SheepDog-One's picture

Not everything is under attack, buy supplies.

Awakened Sheeple's picture

Why should the VIX be higher? Everything's going to be okay. The banksters told me so.

resurger's picture

Let the mother fuckers suppress volatility as much as they want.... once AAPL announces that it's sales are down by 1% see the bounce back!

am closed on all my shorts, i want to see where this bullshit is going to go!

wait for AAPL blackswan event then sell  1,000 shares of AAPL every 15 minutes..


He_Who Carried The Sun's picture

quote: Risk on, Risk off, lather, rinse, repeat....why does the VIX continue to languish?


...because "risk-on" vs. "risk-off" is a very braindead approach to what will be the year of the stockmarket, whether PM-loving ideologists like the fact or not does not matter.... ;-)

kalasend's picture

VIX only tells you about people's risk assessment WITHIN THE NEXT 30 DAYS.

VXV tells you similar view, but on the coming 3-6 months.

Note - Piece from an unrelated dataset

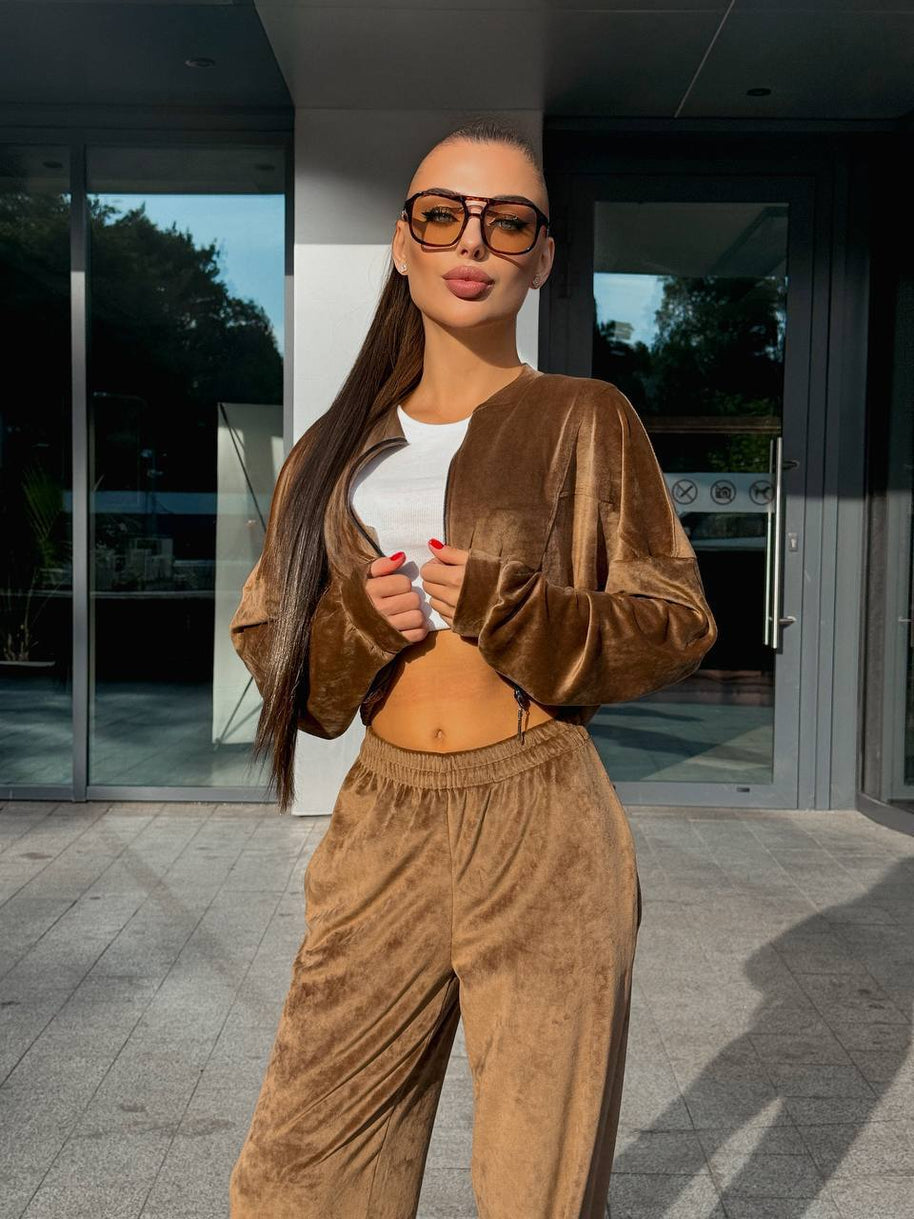 Damen sportliches Set mit cropped Jacke und weiten Hosen WW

If you can plot their ratio (i.e VIX/VXV) the chart would tell you that people(market?) is at an unprecedented level in terms of worrying about a quarter out. (said ratio at about 0.75 is extreme outlier, to put mildly)

Stoploss's picture

De new pain comes mainly from Spain.

lolmao500's picture

Stupid investors buying crappy bankrupted US bonds.

fonzannoon's picture

We need a nice "Spain is Lehman x10" wall of worry to climb on our way to dow 20k

SheepDog-One's picture

After Greece, I'll just laugh at the next 'terrible looming problem' they bring up next because it will just be another 'central bank rescue operation' where the bankers are totaly safe and the people get kornholed....its coming here next you know. 

Quintus's picture

What sort of 'Markets' do we have when they have to be reminded of VERY important things every 5 minutes or they simply forget and return to vacant-eyed complacency?  

Everyone just forgot about the massively insolvent continent across the sea until Buiter brought the subject up?

At what point will the insolvency of the US be brought to mind again triggering a panic out of the stock of gadget manufacturers?

Al Huxley's picture

If I could up-vote more than once, I would.  My thoughts, exactly - how the hell does everybody just suddenly forget about all the looming debt crises? 

SheepDog-One's picture

Yea, markets are SO predisposed to 100% euphoria we were just partying down and forgot all about the fact that we're all totaly bankrupt with no way out...OK enough doom and gloom talk for today cant we get this full-retard party started again??

LongSoupLine's picture

Dark Pools to the rescue!!

Santelli was great this morning when fueled and sparked by not only LIESman, but upcoming fucktard Scott Wapner.  Totally schooled them...again.

HD's picture

Liesman is dead wrong - but at least understands how markets work. Wapner is just a useful idiot.

SheepDog-One's picture

'How markets work' yea starts with media spin, then behind the curtain where any market drop is quickly reversed. 

SheepDog-One's picture

Like a bunch of morons with a 10 second attention span.

Mr_Wonderful's picture

Interesting strategy by Apple. Ipads to double as food warmers ?





Dick Darlington's picture

Mind the coming margin calls by ECB when things start to deteriorate!